Sa base sociale, c’est-à-dire la majorité de ses adhérents et électeurs, se trouve en Allemagne de l’Est – comme ceux de l’AfD avec qui Die Linke est là-bas en concurrence électorale directe. N’ayant pas de perspective autre qu’électorale, Die Linke subit la pression de l’AfD au point d’infléchir sa politique, de commencer à avoir des slogans régionalistes et de faire même des déclarations ambiguës sur les réfugiés, quand elle ne revendique pas plus de police. Après avoir placé le débat sur le terrain national, Die Linke contribue directement à détruire la conscience de classe.

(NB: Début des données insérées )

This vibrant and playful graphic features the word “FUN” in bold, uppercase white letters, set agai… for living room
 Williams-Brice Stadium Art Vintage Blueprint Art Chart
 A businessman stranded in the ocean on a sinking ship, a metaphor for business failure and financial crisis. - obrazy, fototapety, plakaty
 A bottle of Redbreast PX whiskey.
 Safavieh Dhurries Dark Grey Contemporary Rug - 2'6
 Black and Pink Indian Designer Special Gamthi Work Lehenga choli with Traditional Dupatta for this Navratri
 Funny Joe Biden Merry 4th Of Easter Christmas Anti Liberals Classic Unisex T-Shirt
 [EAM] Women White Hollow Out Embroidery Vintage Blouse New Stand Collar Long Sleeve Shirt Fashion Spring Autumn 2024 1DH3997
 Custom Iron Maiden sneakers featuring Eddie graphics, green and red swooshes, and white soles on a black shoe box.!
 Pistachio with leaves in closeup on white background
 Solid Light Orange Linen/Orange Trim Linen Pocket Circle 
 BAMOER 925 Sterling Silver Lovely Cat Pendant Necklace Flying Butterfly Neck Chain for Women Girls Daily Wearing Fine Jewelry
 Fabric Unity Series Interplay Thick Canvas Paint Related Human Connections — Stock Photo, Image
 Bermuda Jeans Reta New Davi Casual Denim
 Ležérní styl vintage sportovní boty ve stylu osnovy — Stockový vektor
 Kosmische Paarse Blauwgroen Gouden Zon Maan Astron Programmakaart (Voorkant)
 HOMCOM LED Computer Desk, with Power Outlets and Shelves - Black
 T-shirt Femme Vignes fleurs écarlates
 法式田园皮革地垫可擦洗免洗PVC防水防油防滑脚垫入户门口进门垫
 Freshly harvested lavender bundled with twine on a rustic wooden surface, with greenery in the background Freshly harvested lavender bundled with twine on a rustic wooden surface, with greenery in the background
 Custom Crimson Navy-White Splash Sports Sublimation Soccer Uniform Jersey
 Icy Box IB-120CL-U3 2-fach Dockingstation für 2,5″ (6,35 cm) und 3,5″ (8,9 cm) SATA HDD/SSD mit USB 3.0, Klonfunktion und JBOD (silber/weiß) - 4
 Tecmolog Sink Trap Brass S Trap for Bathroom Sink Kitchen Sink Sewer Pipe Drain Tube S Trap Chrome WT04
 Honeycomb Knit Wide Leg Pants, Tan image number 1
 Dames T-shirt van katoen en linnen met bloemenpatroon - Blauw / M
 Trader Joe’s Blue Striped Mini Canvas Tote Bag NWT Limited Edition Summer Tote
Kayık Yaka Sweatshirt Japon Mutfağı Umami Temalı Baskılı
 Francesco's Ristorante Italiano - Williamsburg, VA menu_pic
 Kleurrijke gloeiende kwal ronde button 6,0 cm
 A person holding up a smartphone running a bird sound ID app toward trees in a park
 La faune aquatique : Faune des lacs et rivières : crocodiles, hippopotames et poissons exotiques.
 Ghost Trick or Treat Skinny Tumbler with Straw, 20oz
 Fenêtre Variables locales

Face à la montée des périls, notamment la montée de l’extrême droite de Trump à Le Pen, ou aux formes de division apparues dans la conscience de travailleurs piégés par des sentiments de solidarité nationale vis-à-vis des gouvernements allemand ou turc, face aux idées protectionnistes ou de repli national, ce qui apparaît avec évidence, c’est combien il est important que, même à contre-courant, il existe des militants qui continuent à défendre l’internationalisme, qui fassent vivre cette conscience que, quelle que soit notre nationalité, notre pays d’origine, notre religion ou notre couleur de peau, nous sommes un chaînon d’une même classe ouvrière, et que notre sort est intimement lié à celui des travailleurs de toutes les régions du monde. Pour qui veut réellement changer le monde, il n’y a pas d’autre perspective que l’internationalisme.